Saturday, March 12, 2005

Unification
It's overdue, but I should write a short post about Friday. The idea was to take this day off to get over the bug, but I spent a bit of time looking at TuplesOperations.join anyway. In particular, I was fortunate enough to have Andrae explain what "unification" meant.

The term comes from Prolog interpreters, and is used to simplify certain joins. If one of the constraints in a join returns just one row, then it can be the subject of unification. In this case, a constraint which contains some of the variables from the constraint with the single row solution can be modified. The constraint can have its variables set to this pre-calculated value, and looked up again.

As an example, consider two constraints A and B, where A looks like:
(<ns:foo> <ns:bar> $x)
and constraint B looks like:
($x <ns:pred> $y)

Now if A were to result in just one line:
<ns:foo> <ns:bar> <ns:obj>
Then B can be modified to look up:
(<ns:obj> <ns:pred> $y)

The result is that A can be dropped, and B can be re-evaluated (trivial), rather than having to go through the more expensive operation of joining A to B.

The only trick here is that the first column of B must still be labeled "$x". The label is needed for any subsequent joins, and for the select clause to get to the value. The iTQL way of setting a variable to a fixed value is with the magical predicate kowari:is:
($x <kowari:is> <ns:obj>)

So the equivalent iTQL for this is:
($x <kowari:is> <ns:obj>) AND
($x <ns:pred> $y)


Syntax
This dredges up some issues I have with some of the syntax in iTQL. I might just mention them here, so I have a reference point in future.

The kowari:is syntax is a "neat" way of doing it, in that it fits iTQL trivially, but it is a syntax I dislike. The reason here is that it isn't a "constraint" in the usual sense, but actually changes other constraints in the query. I'd have preferred a syntax which makes it easier for a user to understand what they are doing, rather than fitting in with the pre-existing syntax.

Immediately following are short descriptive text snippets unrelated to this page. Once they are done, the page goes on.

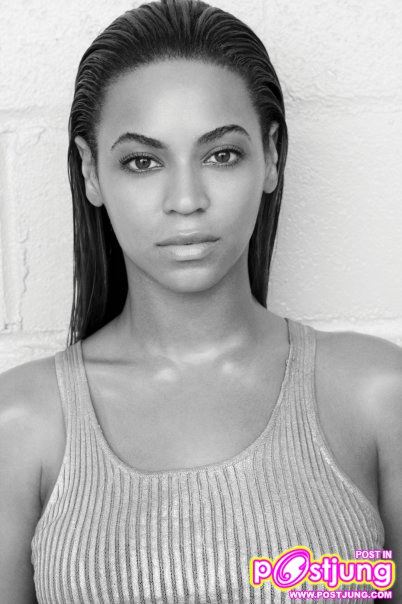 Beyonce *** She's Beautiful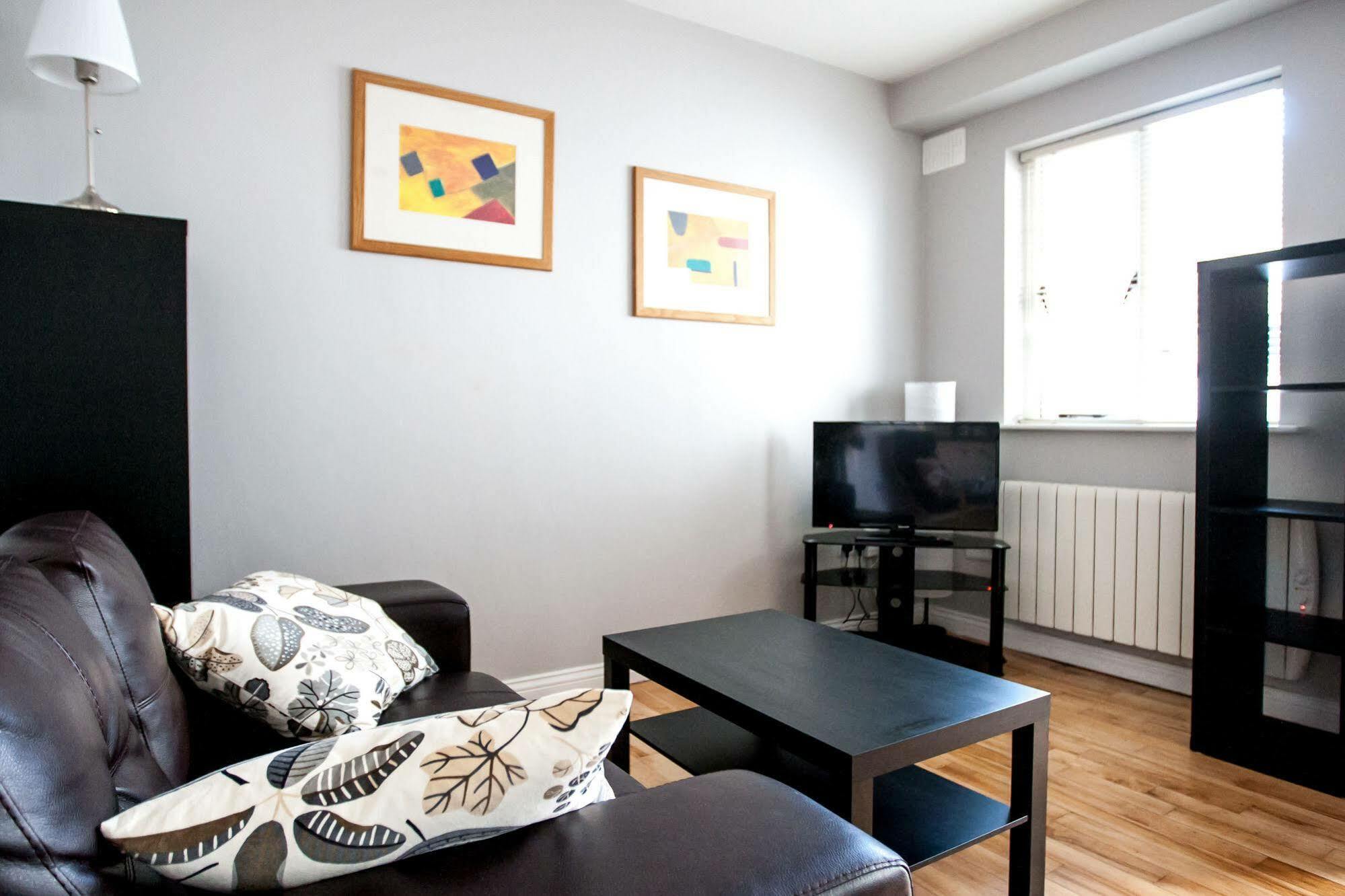 Dominick Street Apartments ゴールウェイ エクステリア 写真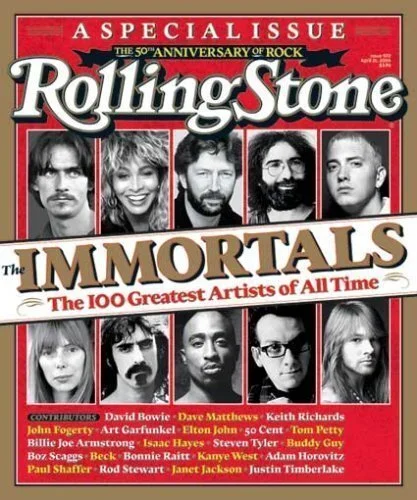 Rolling Stone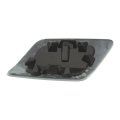 Headlight Washer Cover Pair For Bmw 335is 335i 328i 2011 2012 2013 Convertible Coupe Plastic Primed Driver And Passenger Side 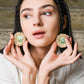 Delightful Pearl Earring - Rajwada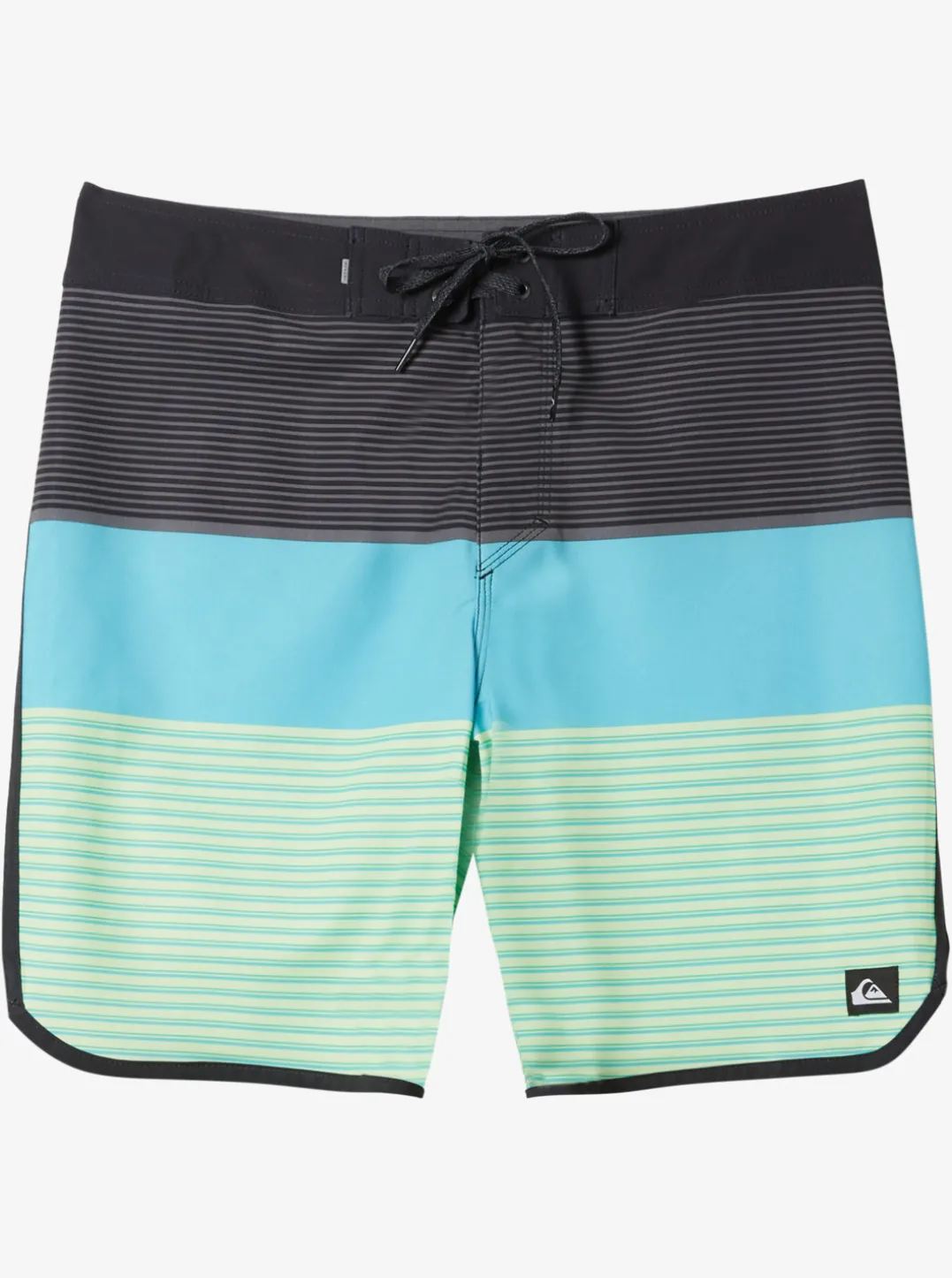 Mens Quiksilver Boardshorts|Surfsilk Tijuana 19" Boardshorts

The kowari:is syntax is also painful to work with in the query layer, as it gets parsed as a constraint, and gets put into the constraint expression as in individual entity. This means that these magical predicates have to be found, and their effect passed on to all the other constraints that they are relevant for. I don't think this algorithm is particularly elegant.

There are several other approaches which could have been tried. The first to come to mind is simply:
($x=<ns:obj> <ns:pred> $y)

This has the advantage of not introducing an AND when no join operations are going to occur. It can be argued that this is not a consideration: after all, the unification optimisation can result in a join being dropped when an AND is present. However, that is an implementation optimisation, and the join operation can occur, depending on the data. The kowari:is predicate on the other hand cannot result in a join.

On the other hand, this syntax has the disadvantage of getting lost in all the other constraints which include the variable $x. It would be redundant to set the variable for each constraint, but if you don't then this syntax would have one constraint modifying all of the others: a situation I would prefer to avoid.

So this kind of syntax would simplify some queries, but would possibly be confusing for others. It may be possible to create something that is distinct from a constraint which applies to all of the constraint, but then the kowari:is constraint almost does that anyway (if you're willing to accept that it is not a normal constraint). There are always tradeoffs. I won't be changing it any time soon, but I certainly won't be averse to having a go if someone comes up with a better idea.

1 comment:

Andrew said...

I'm glad someone else is finally seeing the light with tucana:is. The real problem I had was from a coding perspective is that it smells - it's a special case in a number of places in the code.

I remember being told that tucana:is could be considered as being "constraining the graph with all values in it". I think this is a bit of a hack - and doesn't really match what the other constraints do. They either implicitly constrain what is in the FROM clause or explicitly constraint what in the IN.

One way to save tucana:is would be for it to operate in this manor - constraining the FROM or IN. Then it is a normal constraint and can be joined.

Also when you talk about adding assignment the other suggestion I had apart from doing it within the WHERE is to do it before the SELECT. Similar to the PREFIX clause in SPARQL but it assigns variables.

I also had some realisation about the different SPARQL operations (CONSTRUCT for example) and how we could do that with assign clause - I think that would be very interesting.